Deste modo Farhadi consegue pilotar atores franceses misturados com os iranianos, como em O Passado; constrói dramas de fundo oriental mas com valores universais como em A Separação, e até comanda um elenco de atores espanhóis -todos fetiche de Almodóvar, quem diria- para entregar aquele drama superior, Todos já sabem. Enfim, um diretor que prestigia suas raízes mas consegue atingir o público ocidental, e até com um cruzado de esquerda, porque te faz pensar.

Um herói, é um filme aparentemente sem pretensões. Ou melhor, um micro drama familiar que, imagino, deve ser situação não incomum na sociedade iraniana. Um homem preso porque não consegue pagar a dívida. O credor tem suas razões -afinal, cadê o dinheiro que ele me deve? – e o presidiário tem as suas, e os seus sonhos. O protagonista, Soltani, tem  também um filho, doce, gago, esforçado que é um recurso delicado com o qual o diretor conecta com a compaixão ocidental. “Não quero me projetar nem instrumentalizar a gagueira do meu filho” -diz ele a certa altura.

Assisti o filme em voo solo, e senti que muita coisa ficava no ar. Voltei a assistir, agora com um seleto grupo de amigos cinéfilos, para checar se a minha suspeita -aquilo que estava no ar- erra correta. Acertei. Tem desdobramentos que, sempre, se manifestam no dia seguinte, através de comentários, a modo de glossas sobre o argumento. “Um homem -escutei- que tenta insistentemente fazer o correto, e quanto mais se empenha em ser honesto, menos é compreendido”. Um golpe contundente que me fez evocar outros filmes, e algumas leituras. Porque a arte é assim, transitiva. Necessariamente se conecta nas ideias de fundo, com os recursos que nos apresenta para esclarecer a vida, para tornar a condição humana transparente.

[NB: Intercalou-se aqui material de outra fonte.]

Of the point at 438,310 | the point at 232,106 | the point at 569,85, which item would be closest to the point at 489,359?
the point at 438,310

Lembrei de outro filme que assisti recentemente, Crise,  que também aborda o preço amargo da integridade. Recordei um livro que lemos este ano na Tertúlia literária, Um tambor diferente, a história de um homem que não negocia com os seus valores. E, minha última leitura, Michael Kohlhaas, outra história onde se busca a justiça, e somente se encontra indiferença e maquiagens jurídicas que acabam prejudicando o homem que deseja a honestidade como pauta de vida. Depois dessa última leitura, decidi voltar sobre o filme de Farhadi e escrever.

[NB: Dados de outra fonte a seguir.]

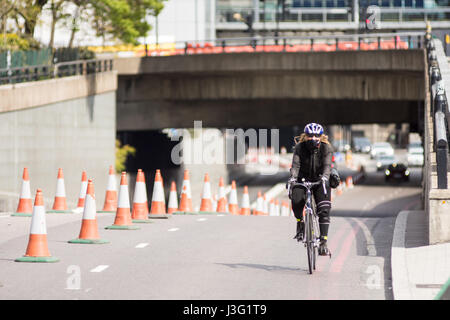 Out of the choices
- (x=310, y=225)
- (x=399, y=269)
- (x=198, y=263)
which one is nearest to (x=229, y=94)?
(x=198, y=263)

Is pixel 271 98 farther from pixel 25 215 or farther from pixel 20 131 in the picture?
pixel 25 215

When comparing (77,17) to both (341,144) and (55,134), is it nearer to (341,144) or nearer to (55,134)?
(55,134)

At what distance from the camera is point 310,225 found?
36.7 feet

Tudo corre de modo muito natural, e ao mesmo tempo, muito torto para o protagonista que busca mudar a situação. Planos e projetos, carinho familiar, amor pelo filho, a ajuda de uma mulher que pretende ser a futura esposa. “Você tem um coração de ouro” -diz ela. “Amanhã -responde Soltani- estarei de volta à prisão e com saudades de você”. Novas tentativas de negociação, todas lógicas e saturadas de virtude, que acabam entortando. Quanto maior o esforço, menor é a compreensão, e os que apostavam nele, acabam deixando o barco quando percebem que começou a afundar. “Não quero o dinheiro. Quero somente a minha honra”. Uma frase que poderia ser de efeito, não fosse as consequências de manter a honra, no calabouço.

Não é costume nestas linhas deter-se no argumento do filme, e sim nas reflexões que provoca. Agora não é exceção; apenas dando um zoom no desenrolar da trama que, como disse, é bastante corriqueira, mas transpira heroísmo, daí o título.

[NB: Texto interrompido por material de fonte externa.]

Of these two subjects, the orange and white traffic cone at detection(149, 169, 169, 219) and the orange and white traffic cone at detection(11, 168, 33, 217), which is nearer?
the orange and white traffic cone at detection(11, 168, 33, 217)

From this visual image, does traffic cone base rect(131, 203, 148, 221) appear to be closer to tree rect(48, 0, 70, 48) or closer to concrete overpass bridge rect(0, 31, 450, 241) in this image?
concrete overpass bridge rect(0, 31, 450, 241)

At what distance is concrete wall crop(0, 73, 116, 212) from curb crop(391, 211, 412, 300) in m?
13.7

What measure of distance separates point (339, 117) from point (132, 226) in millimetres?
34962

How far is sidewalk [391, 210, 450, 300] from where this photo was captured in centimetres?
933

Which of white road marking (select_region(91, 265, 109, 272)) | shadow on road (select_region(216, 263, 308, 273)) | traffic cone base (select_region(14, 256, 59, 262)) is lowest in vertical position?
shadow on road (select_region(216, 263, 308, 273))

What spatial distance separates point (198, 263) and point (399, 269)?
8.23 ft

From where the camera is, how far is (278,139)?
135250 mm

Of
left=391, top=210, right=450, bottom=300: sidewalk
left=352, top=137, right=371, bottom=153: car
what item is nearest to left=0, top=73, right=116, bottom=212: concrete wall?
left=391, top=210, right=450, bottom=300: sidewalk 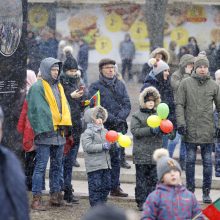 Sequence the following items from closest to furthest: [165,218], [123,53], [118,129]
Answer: [165,218] < [118,129] < [123,53]

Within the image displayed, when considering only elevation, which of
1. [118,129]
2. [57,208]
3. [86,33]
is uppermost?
[86,33]

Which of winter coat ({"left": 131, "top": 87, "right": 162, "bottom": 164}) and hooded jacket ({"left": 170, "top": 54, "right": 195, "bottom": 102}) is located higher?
hooded jacket ({"left": 170, "top": 54, "right": 195, "bottom": 102})

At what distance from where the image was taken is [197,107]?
11766mm

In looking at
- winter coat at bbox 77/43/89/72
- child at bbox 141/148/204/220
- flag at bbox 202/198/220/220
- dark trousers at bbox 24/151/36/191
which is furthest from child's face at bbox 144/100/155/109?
winter coat at bbox 77/43/89/72

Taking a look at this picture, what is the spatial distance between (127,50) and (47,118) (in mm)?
20570

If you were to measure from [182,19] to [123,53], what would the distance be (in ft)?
8.48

Mas, qual é o efeito que o desenrolar da trama causa no espectador? Difícil encontrar uma pauta, já que as respostas serão muitas, variadas, em amplo espectro. Haverá revoltas, haverá quem encontrará aqui a justificativa para tomar a justiça pelas próprias mãos -visto que o modo sensato de consegui-la não leva a parte alguma. Outros, talvez, sentir-se-ão deprimidos, entendendo que a incompreensão do mundo perante os bons desejos é sempre cruel, acaba em tragédia. O mundo cão, tão levado e trazido.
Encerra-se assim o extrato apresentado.